▸ Required action:
From the line containing "Obraz na płótnie" to the very last line of the data below, transcribe everything exactly and nothing more.

▸ Information:
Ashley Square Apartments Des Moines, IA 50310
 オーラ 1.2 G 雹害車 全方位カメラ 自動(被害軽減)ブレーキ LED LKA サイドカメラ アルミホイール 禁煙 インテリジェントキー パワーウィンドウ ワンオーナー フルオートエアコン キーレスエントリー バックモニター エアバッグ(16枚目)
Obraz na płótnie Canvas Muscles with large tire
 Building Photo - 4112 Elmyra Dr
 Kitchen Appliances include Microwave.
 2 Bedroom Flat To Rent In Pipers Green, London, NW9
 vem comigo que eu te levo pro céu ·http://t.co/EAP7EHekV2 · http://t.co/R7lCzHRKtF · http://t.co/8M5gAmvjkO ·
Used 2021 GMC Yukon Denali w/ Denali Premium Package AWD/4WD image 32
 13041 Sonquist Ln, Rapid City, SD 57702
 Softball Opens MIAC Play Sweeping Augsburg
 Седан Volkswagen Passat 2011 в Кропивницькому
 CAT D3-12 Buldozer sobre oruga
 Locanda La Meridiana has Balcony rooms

▸ Response to the task:
Obraz na płótnie Canvas Muscles with large tire
 Building Photo - 4112 Elmyra Dr
 Kitchen Appliances include Microwave.
 2 Bedroom Flat To Rent In Pipers Green, London, NW9
 vem comigo que eu te levo pro céu ·http://t.co/EAP7EHekV2 · http://t.co/R7lCzHRKtF · http://t.co/8M5gAmvjkO ·
Used 2021 GMC Yukon Denali w/ Denali Premium Package AWD/4WD image 32
 13041 Sonquist Ln, Rapid City, SD 57702
 Softball Opens MIAC Play Sweeping Augsburg
 Седан Volkswagen Passat 2011 в Кропивницькому
 CAT D3-12 Buldozer sobre oruga
 Locanda La Meridiana has Balcony rooms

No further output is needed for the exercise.